Goal of the exercise ->
Scan the entries for the word "dining", and copy every line where it appears.

(Recorded data)

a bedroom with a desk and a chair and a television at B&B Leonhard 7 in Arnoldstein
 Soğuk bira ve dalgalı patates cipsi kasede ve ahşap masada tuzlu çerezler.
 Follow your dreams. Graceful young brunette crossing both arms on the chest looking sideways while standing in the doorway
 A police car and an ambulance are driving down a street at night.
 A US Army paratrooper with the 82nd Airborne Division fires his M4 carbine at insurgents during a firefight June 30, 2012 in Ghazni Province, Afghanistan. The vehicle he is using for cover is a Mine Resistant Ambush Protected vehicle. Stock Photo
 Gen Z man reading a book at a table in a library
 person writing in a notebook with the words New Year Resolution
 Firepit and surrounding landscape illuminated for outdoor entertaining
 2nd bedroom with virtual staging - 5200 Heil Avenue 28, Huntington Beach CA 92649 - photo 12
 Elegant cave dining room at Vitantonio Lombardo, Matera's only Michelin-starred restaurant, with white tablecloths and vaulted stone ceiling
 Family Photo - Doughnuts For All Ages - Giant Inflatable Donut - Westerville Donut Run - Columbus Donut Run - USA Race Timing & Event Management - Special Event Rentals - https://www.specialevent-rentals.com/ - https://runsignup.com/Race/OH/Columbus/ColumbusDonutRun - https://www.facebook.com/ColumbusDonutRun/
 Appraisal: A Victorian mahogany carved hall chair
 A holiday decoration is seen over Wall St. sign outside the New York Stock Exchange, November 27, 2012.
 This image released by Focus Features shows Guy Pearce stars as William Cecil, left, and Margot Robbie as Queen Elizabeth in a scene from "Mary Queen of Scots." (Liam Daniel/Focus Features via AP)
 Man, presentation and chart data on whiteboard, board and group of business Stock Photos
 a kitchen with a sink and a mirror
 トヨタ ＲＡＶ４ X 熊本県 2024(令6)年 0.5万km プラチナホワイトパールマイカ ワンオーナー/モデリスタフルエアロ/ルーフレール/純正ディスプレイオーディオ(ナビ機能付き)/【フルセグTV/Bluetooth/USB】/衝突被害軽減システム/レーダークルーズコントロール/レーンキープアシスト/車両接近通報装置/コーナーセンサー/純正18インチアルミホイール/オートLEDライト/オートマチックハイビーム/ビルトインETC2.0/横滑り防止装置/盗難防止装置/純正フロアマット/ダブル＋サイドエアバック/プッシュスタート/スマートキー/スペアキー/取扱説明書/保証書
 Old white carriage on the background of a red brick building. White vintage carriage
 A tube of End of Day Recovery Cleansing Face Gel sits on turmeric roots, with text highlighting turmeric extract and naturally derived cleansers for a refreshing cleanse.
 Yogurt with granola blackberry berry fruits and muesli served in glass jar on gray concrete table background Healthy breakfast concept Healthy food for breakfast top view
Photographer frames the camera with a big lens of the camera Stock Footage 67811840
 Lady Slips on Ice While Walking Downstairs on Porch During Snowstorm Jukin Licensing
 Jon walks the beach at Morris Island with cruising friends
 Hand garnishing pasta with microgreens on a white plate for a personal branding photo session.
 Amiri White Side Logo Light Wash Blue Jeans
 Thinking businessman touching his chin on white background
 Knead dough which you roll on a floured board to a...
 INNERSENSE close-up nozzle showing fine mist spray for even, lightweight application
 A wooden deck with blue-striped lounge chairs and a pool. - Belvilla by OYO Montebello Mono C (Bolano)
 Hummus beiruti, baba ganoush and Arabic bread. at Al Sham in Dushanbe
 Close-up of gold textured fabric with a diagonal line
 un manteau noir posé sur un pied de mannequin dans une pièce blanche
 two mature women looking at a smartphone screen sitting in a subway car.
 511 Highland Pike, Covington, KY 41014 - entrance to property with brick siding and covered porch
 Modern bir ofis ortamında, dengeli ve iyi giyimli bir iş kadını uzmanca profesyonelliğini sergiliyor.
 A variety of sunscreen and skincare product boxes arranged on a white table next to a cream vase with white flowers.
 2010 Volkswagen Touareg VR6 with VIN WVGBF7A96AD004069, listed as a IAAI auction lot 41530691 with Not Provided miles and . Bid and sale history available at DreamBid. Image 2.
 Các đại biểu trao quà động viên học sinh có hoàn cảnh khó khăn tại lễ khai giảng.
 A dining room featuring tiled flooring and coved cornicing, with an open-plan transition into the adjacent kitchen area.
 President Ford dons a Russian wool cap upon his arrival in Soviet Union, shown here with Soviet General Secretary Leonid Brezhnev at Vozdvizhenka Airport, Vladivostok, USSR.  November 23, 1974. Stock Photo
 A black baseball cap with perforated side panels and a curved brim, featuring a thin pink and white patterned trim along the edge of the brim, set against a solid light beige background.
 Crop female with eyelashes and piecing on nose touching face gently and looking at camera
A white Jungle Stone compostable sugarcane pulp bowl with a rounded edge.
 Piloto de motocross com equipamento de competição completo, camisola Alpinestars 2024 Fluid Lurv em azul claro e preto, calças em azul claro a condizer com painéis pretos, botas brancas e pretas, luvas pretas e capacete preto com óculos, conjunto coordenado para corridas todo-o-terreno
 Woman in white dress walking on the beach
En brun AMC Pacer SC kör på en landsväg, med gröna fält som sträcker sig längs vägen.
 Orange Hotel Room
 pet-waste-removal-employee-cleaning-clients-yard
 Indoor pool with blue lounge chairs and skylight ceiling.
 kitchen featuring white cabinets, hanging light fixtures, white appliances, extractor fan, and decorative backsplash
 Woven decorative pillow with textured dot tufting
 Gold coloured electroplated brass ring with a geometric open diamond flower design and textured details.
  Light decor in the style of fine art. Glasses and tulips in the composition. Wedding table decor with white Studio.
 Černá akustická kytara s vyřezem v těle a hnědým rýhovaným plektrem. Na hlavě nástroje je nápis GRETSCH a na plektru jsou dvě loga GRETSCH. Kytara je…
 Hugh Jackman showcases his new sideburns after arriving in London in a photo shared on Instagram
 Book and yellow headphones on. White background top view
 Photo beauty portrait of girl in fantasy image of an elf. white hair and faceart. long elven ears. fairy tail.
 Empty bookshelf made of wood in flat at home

(End Recorded data)

Final answer ->
 Elegant cave dining room at Vitantonio Lombardo, Matera's only Michelin-starred restaurant, with white tablecloths and vaulted stone ceiling
 A dining room featuring tiled flooring and coved cornicing, with an open-plan transition into the adjacent kitchen area.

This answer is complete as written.